• [WHAT THE TASK ASKS] Copy the records word for word, omitting all pictures.

• [Web page caption snippets]

----------------------------------------

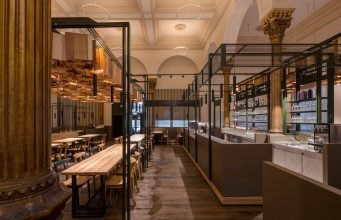 Masaryčka Restaurant in Prague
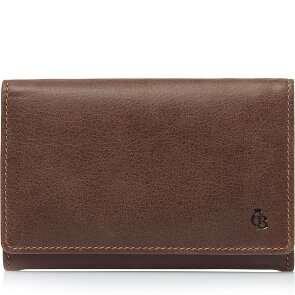 Castelijn & Beerens Canyon Cartera Protección RFID Piel 14 cm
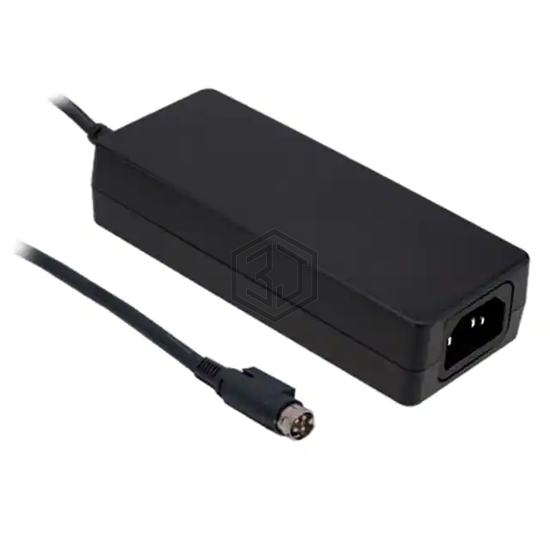 GSM120A48-R7B - MEAN WELL USA Inc. - AC DC Desktop, Wall Adapters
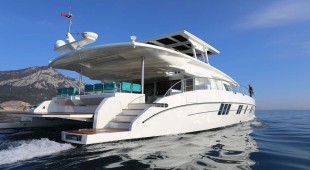 Serenity 64 W. Med - Spain/Balearics
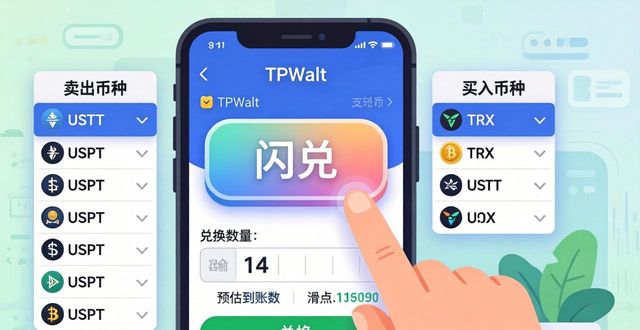 tp钱包兑换币_tp币币兑换_如何在TPWallet中进行币种兑换?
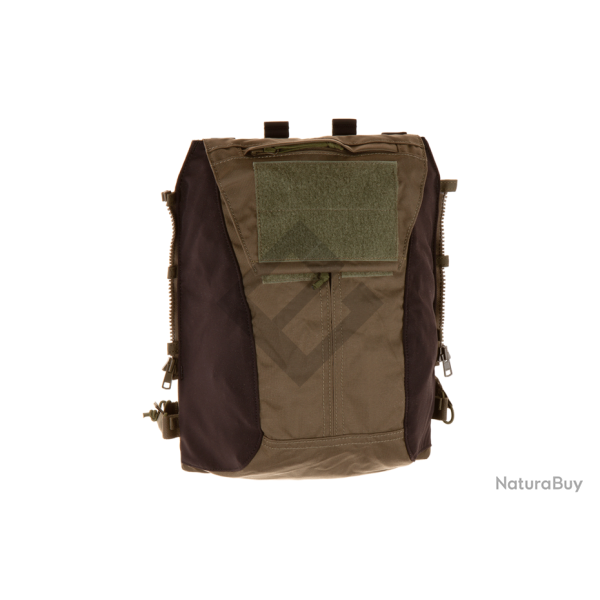 Zip-On Panel 2.0 Pack pour AVS/JPC L - Ranger Green - ZShot/Crye Precision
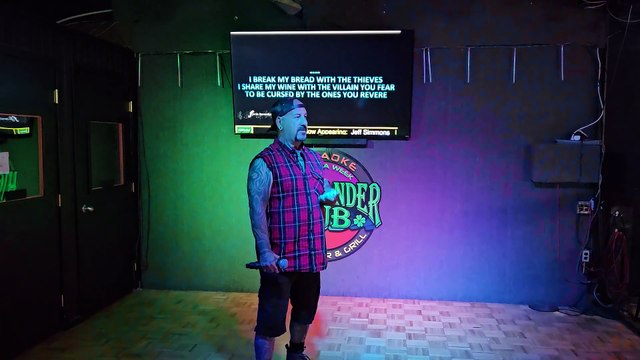 SOEN - THE ANTAGONIST (PERFORMED AT THE HIGHLANDER)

----------------------------------------

• [ANSWER SPACE]
 Masaryčka Restaurant in Prague
 Castelijn & Beerens Canyon Cartera Protección RFID Piel 14 cm
 GSM120A48-R7B - MEAN WELL USA Inc. - AC DC Desktop, Wall Adapters
 Serenity 64 W. Med - Spain/Balearics
 tp钱包兑换币_tp币币兑换_如何在TPWallet中进行币种兑换?
 Zip-On Panel 2.0 Pack pour AVS/JPC L - Ranger Green - ZShot/Crye Precision
 SOEN - THE ANTAGONIST (PERFORMED AT THE HIGHLANDER)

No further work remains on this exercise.